- **INPUT FOR THIS TASK**
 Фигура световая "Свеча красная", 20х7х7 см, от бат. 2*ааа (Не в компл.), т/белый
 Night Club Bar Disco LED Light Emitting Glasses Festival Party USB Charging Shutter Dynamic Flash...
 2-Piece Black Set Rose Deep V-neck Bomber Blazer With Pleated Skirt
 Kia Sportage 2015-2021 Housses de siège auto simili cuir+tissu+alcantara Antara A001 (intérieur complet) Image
---
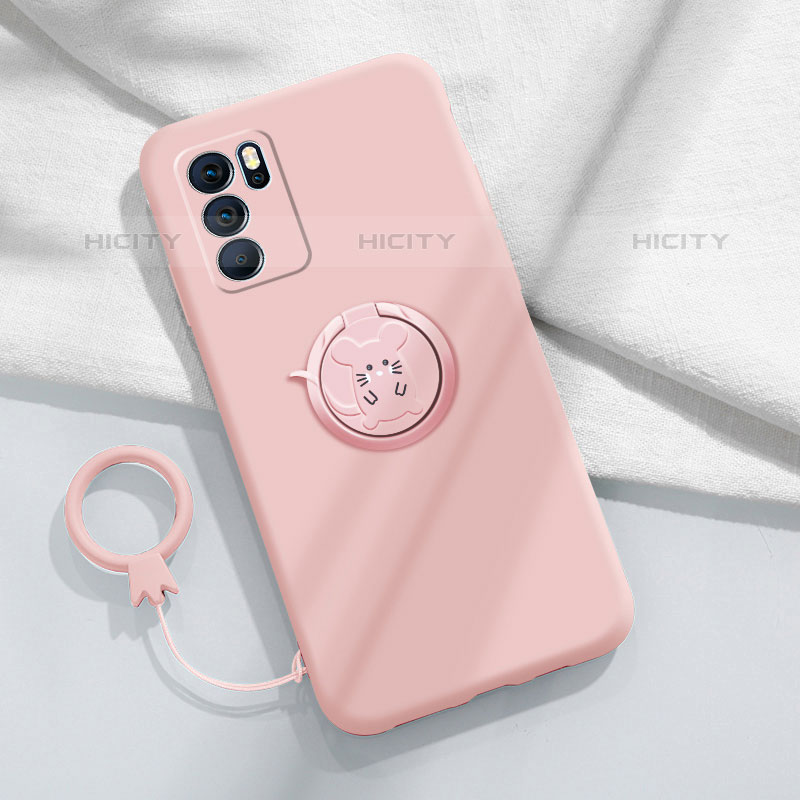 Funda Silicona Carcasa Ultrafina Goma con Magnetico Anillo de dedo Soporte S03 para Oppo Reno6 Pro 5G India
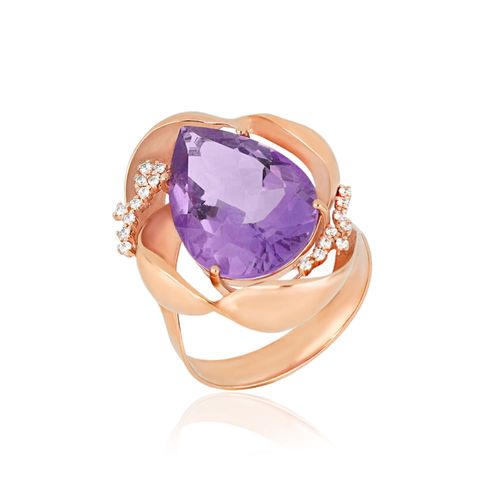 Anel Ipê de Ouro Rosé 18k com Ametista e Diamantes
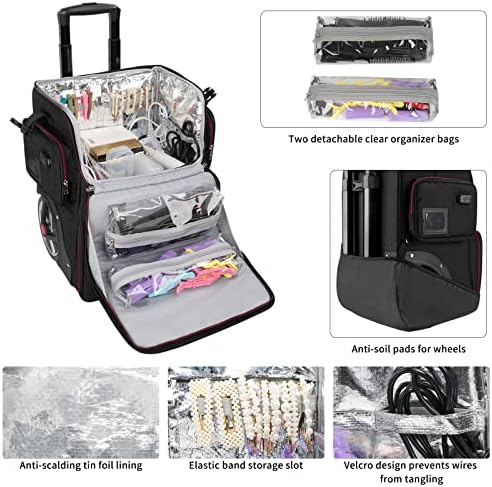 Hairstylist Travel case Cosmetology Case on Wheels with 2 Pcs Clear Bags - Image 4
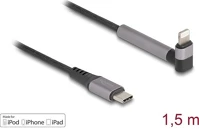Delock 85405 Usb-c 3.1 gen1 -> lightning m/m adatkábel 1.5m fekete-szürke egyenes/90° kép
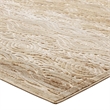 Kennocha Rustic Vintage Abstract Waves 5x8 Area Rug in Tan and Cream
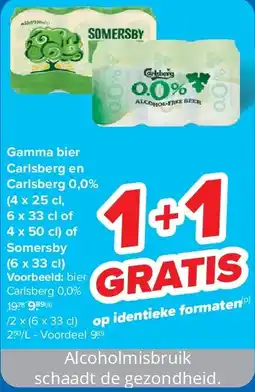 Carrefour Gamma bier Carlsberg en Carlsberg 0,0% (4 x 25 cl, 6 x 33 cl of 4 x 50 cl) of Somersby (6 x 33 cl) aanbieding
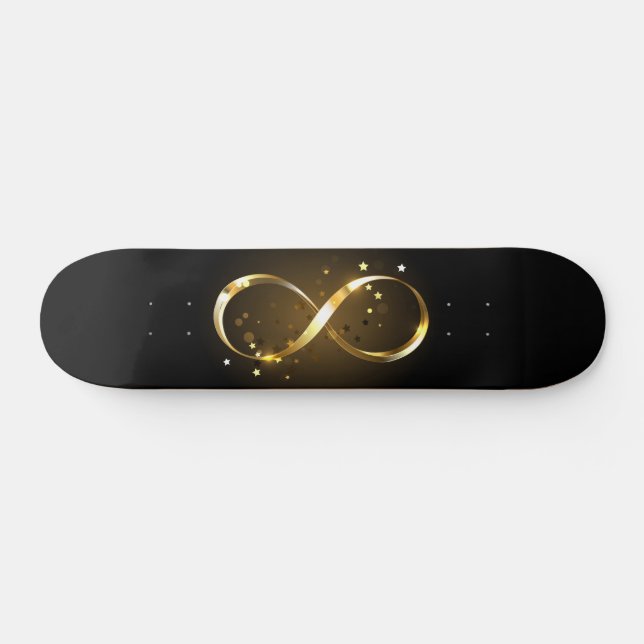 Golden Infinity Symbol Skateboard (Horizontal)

- **WHAT THE TASK ASKS**
Look above for the line with "Hairstylist Travel case" and the line with "Kennocha Rustic Vintage". Output those two and everything between them exactly, pictures excluded.

- **REPLY**
 Hairstylist Travel case Cosmetology Case on Wheels with 2 Pcs Clear Bags - Image 4
Delock 85405 Usb-c 3.1 gen1 -> lightning m/m adatkábel 1.5m fekete-szürke egyenes/90° kép
 Kennocha Rustic Vintage Abstract Waves 5x8 Area Rug in Tan and Cream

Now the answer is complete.